# Information supplied
+++++

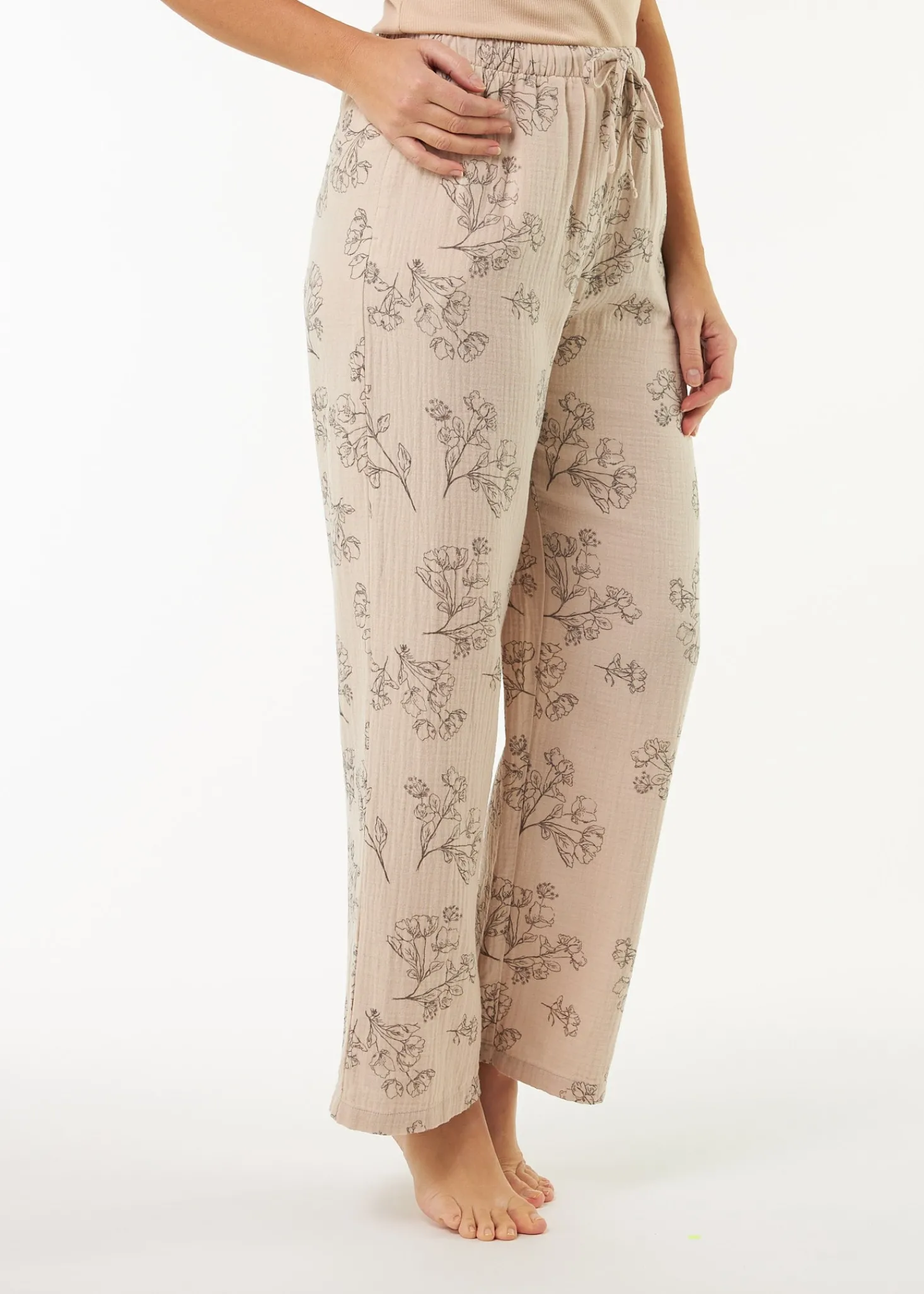 Pyjamahose lang aus Bio Baumwolle(wildrose beige, XS)
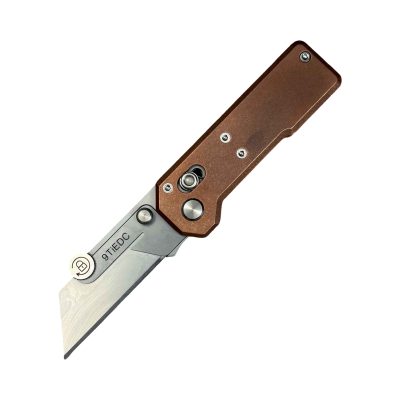 9TIEDC ZS-01 FOLDING KNIFE 3.27" SK2 PLAIN BLADE COPPER HANDLE EDC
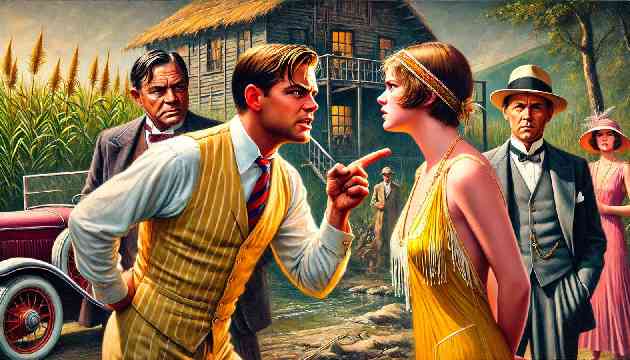 Tom Buchanan confronts Gatsby, challenging him in front of Daisy and Nick.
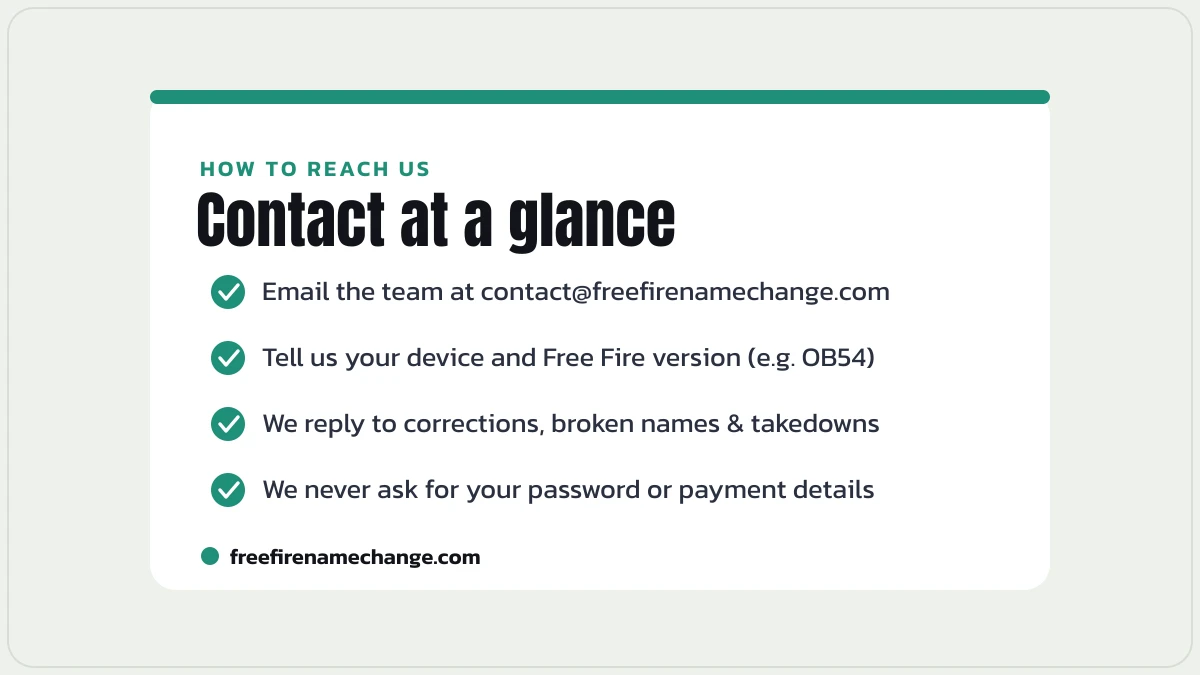 How to reach the FreeFireNameChange team at a glance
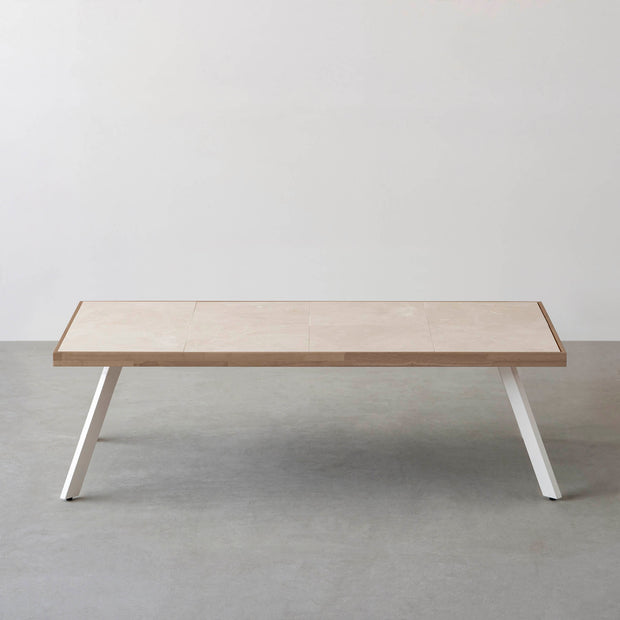THE LOW TABLE / 大理石 ココナッツベージュ × ラバーウッド × White Steel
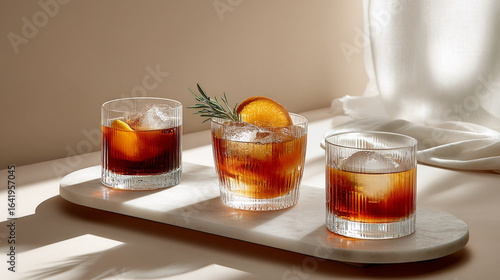 a tasting board 3 different oxacan old fashiond cocktails in clean simple modern glassware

+++++

# What the task asks
From the records given above, reproduce all text exactly and exclude each picture.

# Task output
 Pyjamahose lang aus Bio Baumwolle(wildrose beige, XS)
 9TIEDC ZS-01 FOLDING KNIFE 3.27" SK2 PLAIN BLADE COPPER HANDLE EDC
 Tom Buchanan confronts Gatsby, challenging him in front of Daisy and Nick.
 How to reach the FreeFireNameChange team at a glance
THE LOW TABLE / 大理石 ココナッツベージュ × ラバーウッド × White Steel
 a tasting board 3 different oxacan old fashiond cocktails in clean simple modern glassware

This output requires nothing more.